#### PROMPT
Where the line containing "Bach Chaconne Violin" appears in the records below, begin there and output each line verbatim through the last line.
********
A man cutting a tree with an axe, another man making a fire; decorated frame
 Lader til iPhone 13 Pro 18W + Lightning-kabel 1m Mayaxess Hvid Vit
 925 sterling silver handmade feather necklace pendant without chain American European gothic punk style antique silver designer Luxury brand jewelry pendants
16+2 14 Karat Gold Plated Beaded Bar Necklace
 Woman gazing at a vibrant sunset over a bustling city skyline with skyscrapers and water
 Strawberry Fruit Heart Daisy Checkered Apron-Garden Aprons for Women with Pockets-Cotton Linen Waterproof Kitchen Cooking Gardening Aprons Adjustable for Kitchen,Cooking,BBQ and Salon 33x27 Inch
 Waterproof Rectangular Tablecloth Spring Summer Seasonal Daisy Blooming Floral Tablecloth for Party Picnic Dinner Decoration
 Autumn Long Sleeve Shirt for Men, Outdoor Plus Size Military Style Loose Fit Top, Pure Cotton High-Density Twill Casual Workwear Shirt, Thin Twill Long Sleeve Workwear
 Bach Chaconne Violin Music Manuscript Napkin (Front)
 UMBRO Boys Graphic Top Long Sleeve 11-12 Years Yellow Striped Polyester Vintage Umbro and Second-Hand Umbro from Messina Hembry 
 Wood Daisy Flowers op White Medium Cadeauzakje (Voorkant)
********
#### EXERCISE ANSWER
 Bach Chaconne Violin Music Manuscript Napkin (Front)
 UMBRO Boys Graphic Top Long Sleeve 11-12 Years Yellow Striped Polyester Vintage Umbro and Second-Hand Umbro from Messina Hembry 
 Wood Daisy Flowers op White Medium Cadeauzakje (Voorkant)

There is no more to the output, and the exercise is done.